* Data extracts *

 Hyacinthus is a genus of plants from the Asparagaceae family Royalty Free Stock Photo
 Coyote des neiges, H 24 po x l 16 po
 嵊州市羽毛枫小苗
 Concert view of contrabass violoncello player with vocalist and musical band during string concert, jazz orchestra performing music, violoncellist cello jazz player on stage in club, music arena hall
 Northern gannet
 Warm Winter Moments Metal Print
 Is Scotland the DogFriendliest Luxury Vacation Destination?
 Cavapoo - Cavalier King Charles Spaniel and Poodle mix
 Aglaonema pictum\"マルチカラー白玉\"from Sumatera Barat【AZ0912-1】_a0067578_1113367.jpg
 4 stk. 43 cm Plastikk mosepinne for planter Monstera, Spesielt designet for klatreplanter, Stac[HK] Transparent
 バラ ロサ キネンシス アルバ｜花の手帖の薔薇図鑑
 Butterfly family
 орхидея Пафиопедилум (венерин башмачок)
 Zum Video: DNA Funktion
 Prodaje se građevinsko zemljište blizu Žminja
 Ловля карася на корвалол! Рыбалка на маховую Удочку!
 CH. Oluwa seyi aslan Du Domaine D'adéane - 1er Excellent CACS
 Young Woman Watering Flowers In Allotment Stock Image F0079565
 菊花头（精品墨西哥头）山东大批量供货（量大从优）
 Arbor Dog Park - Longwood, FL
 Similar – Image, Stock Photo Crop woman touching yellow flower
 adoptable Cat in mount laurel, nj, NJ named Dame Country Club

* Work item *
Which of the lines in the data hold the string "Photo"? Report each of them by copying it.

* Response area *
 Hyacinthus is a genus of plants from the Asparagaceae family Royalty Free Stock Photo
 Similar – Image, Stock Photo Crop woman touching yellow flower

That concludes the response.